As it exists in 2016, fuboTV makes a great OTT supplement to free broadcast TV for soccer fans, even moreso for Spanish-language soccer fans. (Quick disclaimer: fuboTV advertises on FreeTVBlog and its sister web sites, but I pay for my own subscription.) The current base package includes beIN Sports, One World Sports, Univision Desportes and a half dozen interesting channels for that $9.95 base price. Gol TV and TyC Sports are part of a $4 add-on package. I can’t imagine a better solution for the soccer fan on a budget.
Yesterday, fuboTV announced that it will offer over 30 general interest channels plus plenty of sports for an introductory price of $34.95/month. That will go up to $50/month “in about 12 months” according to an article in Multichannel News. There’s still an emphasis on sports, but it’s hard to tell how it’s much different from DirecTV Now except for fewer channels and a lot less marketing clout. The 2017 fuboTV is also a close match to Sling TV Blue plus Sports Extra, a combination that’s also $35/month, again without the visibility of a top-five MVPD.
David Gandler, fuboTV’s CEO and co-founder, told Multichannel News that his current audience is 55% Hispanic, and that his new service will find a different audience than his cable-substitute OTT competitors. “There will be a learning curve over the next 24 to 36 months as we get a sense of who are customers are,” Gandler said.
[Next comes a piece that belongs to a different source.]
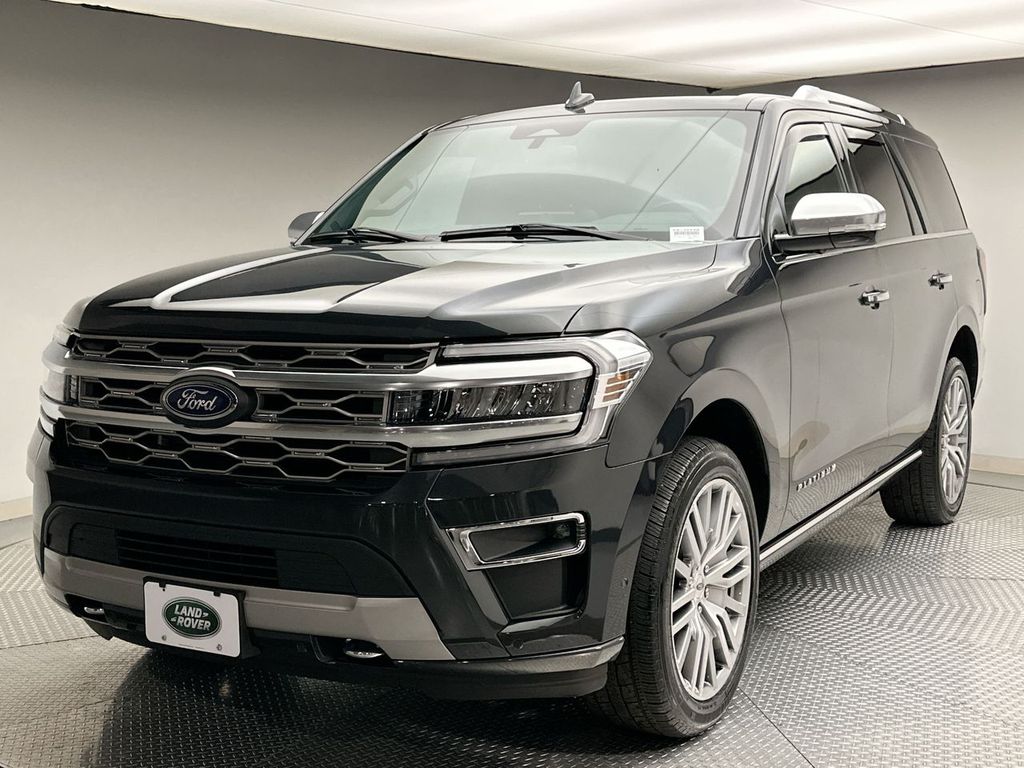 2022 Ford Expedition Platinum -
                Paramus, NJ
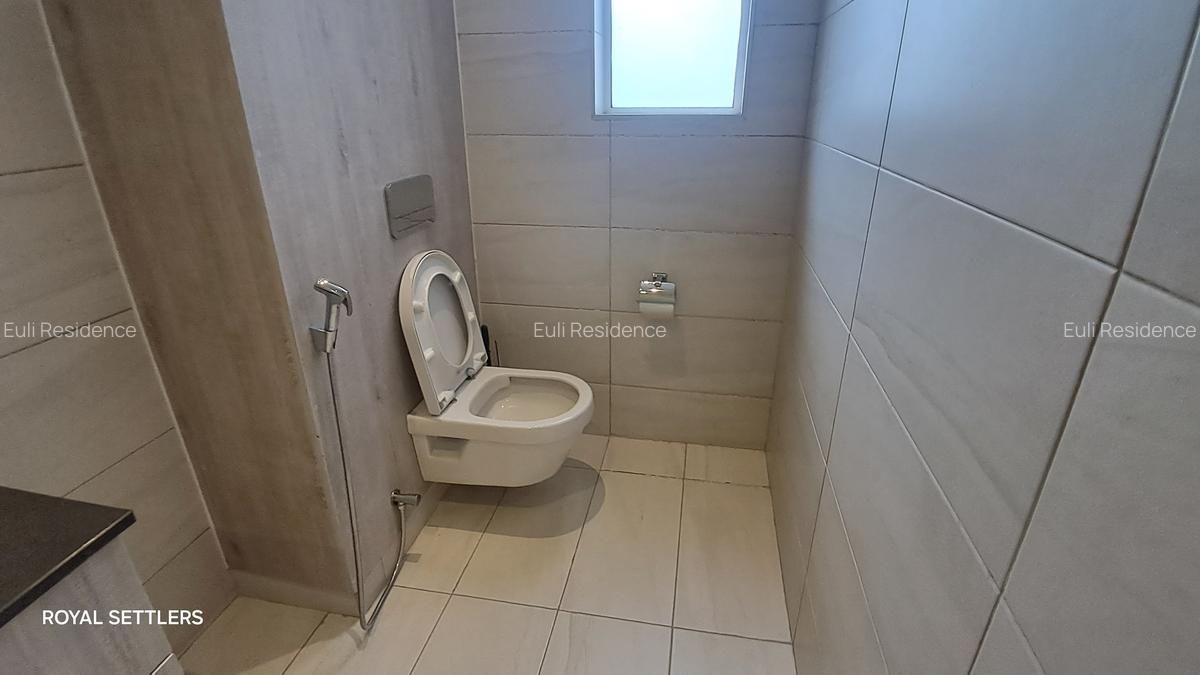 Furnished 2 Bed Apartment with En Suite at Rhapta Rd - 14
According to that article, “fuboTV plans to sunset its current $9.99 per month service and incent current subscribers in the coming weeks and months to sign up for the new, fuller version of fuboTV.” I reached out for clarification, and was told via email that “All legacy plans will remain. However, you will not be able to sign up for a new one once the new product launches.”
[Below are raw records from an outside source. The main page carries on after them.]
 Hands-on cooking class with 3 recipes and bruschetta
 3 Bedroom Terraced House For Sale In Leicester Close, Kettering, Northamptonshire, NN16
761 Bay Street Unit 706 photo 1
The take-home message here is that if fuboTV sounds at all interesting to you, now is the time to subscribe to the basic service while it’s still around. You can watch on your phone, your tablet, and most TV streaming devices such as Roku and Apple TV. There’s no contract or long-term commitment, and there’s a 24-hour free trial. fuboTV includes a cloud-based DVR for time-shifting live matches from other lands or any other show you want to watch later. If we subscribers are going to get incentives to upgrade next year, that might be worth something too. I’m not being too selfish when I suggest that you really should check it out!